Whereas the majority of Kenyans found the federation message appealing, they asked committee members to provide them with guarantees that once the federation was realized, it would be cushioned against political interference should a regime change take place in any of the partner states.

Another area of concern was the low number of women and youth in the National Consultative Committee. Of the thirty- three members only three were women.
That meant that when they went to the field there was only one woman amongst eight men in three groups with no woman at all in the fourth group. In the same committee there was only one youth representation making their presence negligible if not absent in five of the seven provinces visited in the first week of sensitization.

The fact of the matter is that East Africa has a very young population, most of who were born after the collapse of the first Community. Therefore selling the federation should be left to the very people whose future has a stake in it.
Filling committees with old guards who are past sell-by-date may send a wrong signal to the majority of our populations. The youth may see it as the old guards’ project and reject it on that note alone. True, it cannot be left to the youth alone but let the majority be young people whose future depends on it rather than retirees whose only motive is what they can rip off the project.

Another interesting argument has emerged from Kenya. A number of participants suggested that National Consultative Committees should have been merged into one East African Consultative Committee comprising of 9 Kenyans, 9 Tanzanians and 9 Ugandans so that each partner state would have 3 Kenyans, 3 Tanzanians and 3 Ugandans visiting and talking to them.
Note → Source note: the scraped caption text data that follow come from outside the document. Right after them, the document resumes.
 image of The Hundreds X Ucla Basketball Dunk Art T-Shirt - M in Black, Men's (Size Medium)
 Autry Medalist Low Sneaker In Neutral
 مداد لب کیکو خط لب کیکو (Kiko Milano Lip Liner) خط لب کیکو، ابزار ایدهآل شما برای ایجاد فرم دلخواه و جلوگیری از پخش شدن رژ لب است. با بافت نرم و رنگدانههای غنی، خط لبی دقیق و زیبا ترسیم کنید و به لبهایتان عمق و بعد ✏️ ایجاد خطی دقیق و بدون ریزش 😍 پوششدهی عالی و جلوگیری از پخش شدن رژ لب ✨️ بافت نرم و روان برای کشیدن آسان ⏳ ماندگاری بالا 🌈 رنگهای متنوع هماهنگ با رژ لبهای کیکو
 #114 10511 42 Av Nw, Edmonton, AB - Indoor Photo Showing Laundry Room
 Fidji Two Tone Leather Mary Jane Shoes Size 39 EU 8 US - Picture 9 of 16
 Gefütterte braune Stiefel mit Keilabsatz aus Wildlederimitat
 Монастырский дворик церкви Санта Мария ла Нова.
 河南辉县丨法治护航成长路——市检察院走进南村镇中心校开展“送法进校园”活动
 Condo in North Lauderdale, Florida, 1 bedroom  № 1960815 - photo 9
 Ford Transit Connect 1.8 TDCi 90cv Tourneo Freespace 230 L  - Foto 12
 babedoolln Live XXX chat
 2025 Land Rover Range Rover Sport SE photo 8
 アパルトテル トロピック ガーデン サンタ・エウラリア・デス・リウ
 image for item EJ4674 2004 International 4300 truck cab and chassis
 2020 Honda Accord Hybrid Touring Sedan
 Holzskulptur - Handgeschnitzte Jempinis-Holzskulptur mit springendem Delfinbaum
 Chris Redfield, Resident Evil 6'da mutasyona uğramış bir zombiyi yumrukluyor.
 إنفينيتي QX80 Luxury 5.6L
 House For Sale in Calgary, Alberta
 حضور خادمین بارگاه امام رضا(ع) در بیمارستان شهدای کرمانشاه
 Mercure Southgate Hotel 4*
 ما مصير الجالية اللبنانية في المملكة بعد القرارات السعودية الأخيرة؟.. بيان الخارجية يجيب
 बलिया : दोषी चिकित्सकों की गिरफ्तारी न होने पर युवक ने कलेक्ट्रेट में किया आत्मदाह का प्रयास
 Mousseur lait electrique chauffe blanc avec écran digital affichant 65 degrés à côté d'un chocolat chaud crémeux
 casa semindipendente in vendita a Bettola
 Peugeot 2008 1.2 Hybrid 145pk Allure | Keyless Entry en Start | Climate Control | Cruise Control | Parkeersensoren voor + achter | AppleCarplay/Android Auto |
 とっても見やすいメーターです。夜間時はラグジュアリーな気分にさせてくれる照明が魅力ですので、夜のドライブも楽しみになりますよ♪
That way they would have had a chance to listen to nationals of the three partner states discussing fears and advantages of the federation. Such an arrangement would have built more confidence among participants that the project was a truly regional concern rather partner states just talking to themselves.

More importantly, the campaign should have been centrally coordinated from Arusha to create some harmony and consistency rather than leaving it to the whims of individual states.

Having said that, it is my considered opinion that selling the federation to East Africans is too important a project to be left to a group of handpicked men and women, whose backgrounds and beliefs about East Africa have never been tested. This is perhaps one of the most important projects to test Africa’s if not the Black race’s ability to determine its future. The future and success of this campaign depends on strong political, business and social leadership. Politicians, Business leaders and Civil Society leaders cannot take a backseat and hope that things will be alright. Leading political parties must embrace the federation and make the issue a campaign agendum just like the business community has taken the lead in networking the region. Celtel One Network and Safaricom Kama Kawaida initiatives are examples of what strong leadership; whether business or political can do.

We have learnt our lessons in the first wave. We have an opportunity to correct our mistakes in the following waves because the campaign has just started.